In a perfect world, there would be some vast archive where data from all investigations of the paranormal (ghosts, cryptozoology, UFOs, etc.) would be stored and preserved. We need all the pieces before we can assemble the great puzzle of life.
Tuesday, January 6, 2009
It seems there are a number of people out there who have had ghostly experiences. There are even more who believe in ghosts and perhaps more than a few who want to believe in ghosts. Of course, there are some who don't believe in ghosts at all. I think it depends on your own particular life view as to which one you agree with. Those who are very religious or spiritual tend to believe in the possibility of ghosts more than those who are not religious. But that doesn't mean that all agnostics or atheists dismiss the possibility that ghosts exist. Myself, I want to believe -- and this is from someone who has had experiences -- but I'm not yet certain that we survive death in some form.

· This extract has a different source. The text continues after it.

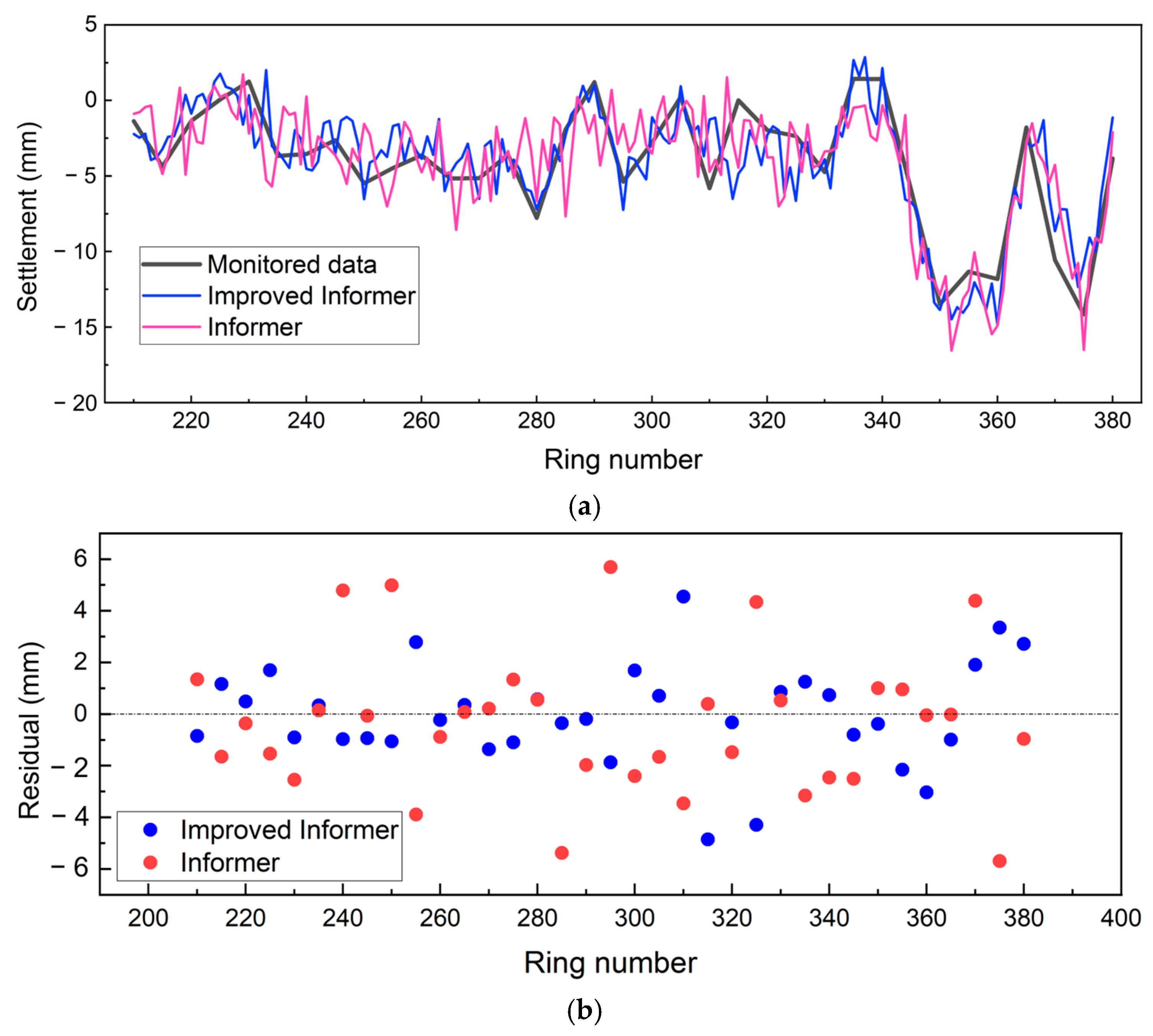 Applsci 15 06766 g010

If you are religious or spiritual, then you believe that each of us has a soul that lives on after we die. But what about those who are not spiritual? I include myself in this group because I'm not sold on the biblical definition of a soul. I do think that each of us has energy that facilitates our thinking and movements -- the tiny electrical charges in the synapses of our brains that tells us where we left the car keys, reminds us of moments from our past, and controls everything from the coordination it takes to drive a car to the rhythm of our heartbeat. The second law of thermodynamics makes it clear that energy doesn't just vanish, so what happens to it?
One possibility is that when we die, this energy escapes and for a single, bright moment, who we are is captured in a tightly bound net of electrical energy. Why just one moment? Because that's all it takes. Matter can not travel faster than the speed of light, but energy can. What happens when something travels at the speed of light? Time stops. I'm not sure what happens after that...or how this would explain intelligent hauntings -- but it is a first step for someone who was once kicked out of Sunday school for asking too many questions.
Could this net of energy be the soul? I suppose it could. And I am open to the possibility that the religious and spiritual among us are right, about everything. But I need more proof. I have several more questions to find the answers to.